Start of Data for this task
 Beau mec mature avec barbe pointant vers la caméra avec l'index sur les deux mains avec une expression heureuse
End of Data for this task
Start of Data for this task
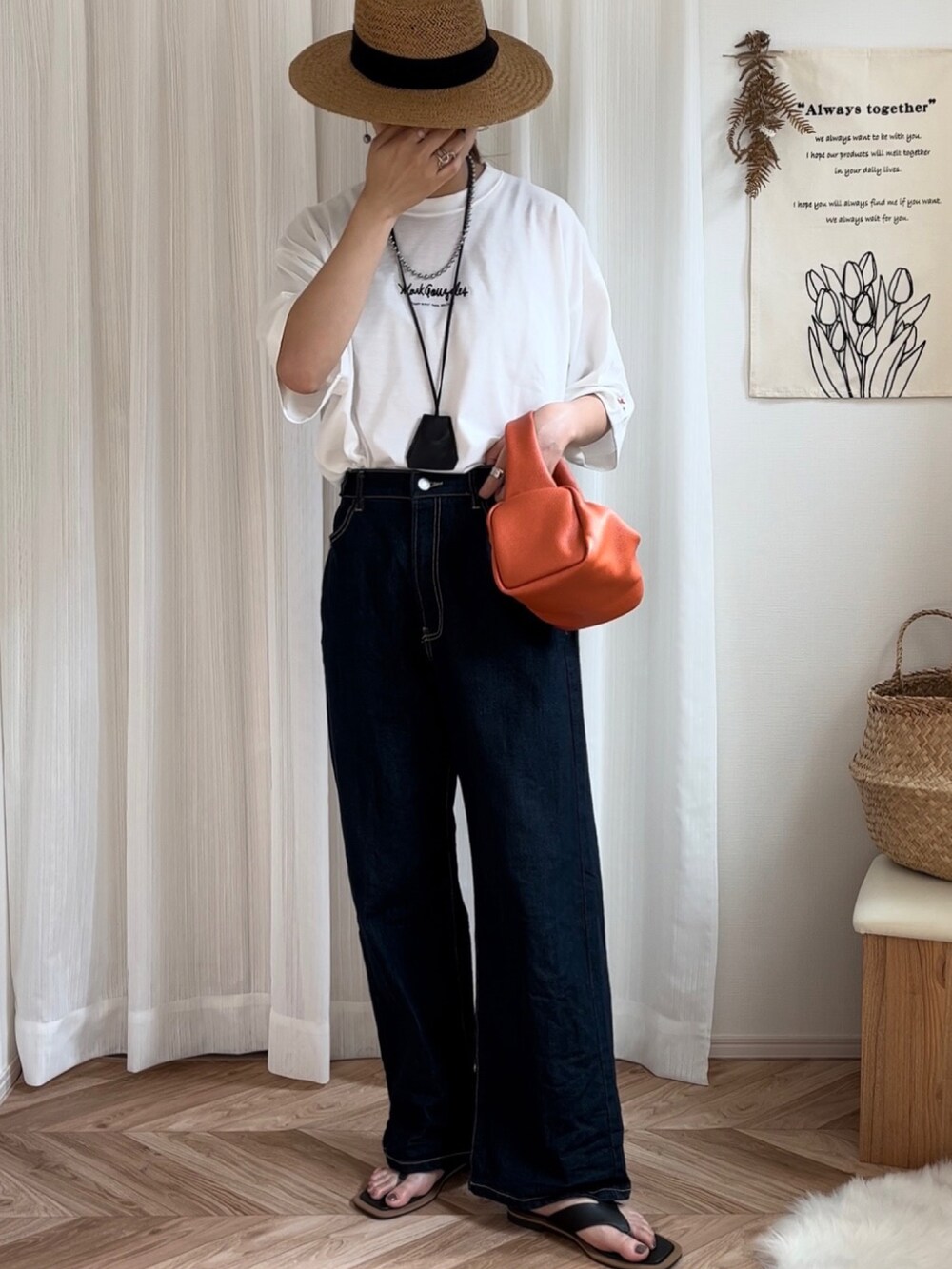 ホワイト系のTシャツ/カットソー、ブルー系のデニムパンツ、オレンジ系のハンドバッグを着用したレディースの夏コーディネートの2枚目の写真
End of Data for this task
Start of Data for this task
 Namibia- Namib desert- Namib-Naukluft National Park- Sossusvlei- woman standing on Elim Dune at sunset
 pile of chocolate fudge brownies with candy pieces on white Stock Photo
End of Data for this task
§ **Exercise aim**
For this exercise, please output exactly the lines above starting at the line with "Namibia- Namib desert- Namib-Naukluft" and ending at the line with "pile of chocolate", ends included.

§ **Expected answer**
 Namibia- Namib desert- Namib-Naukluft National Park- Sossusvlei- woman standing on Elim Dune at sunset
 pile of chocolate fudge brownies with candy pieces on white Stock Photo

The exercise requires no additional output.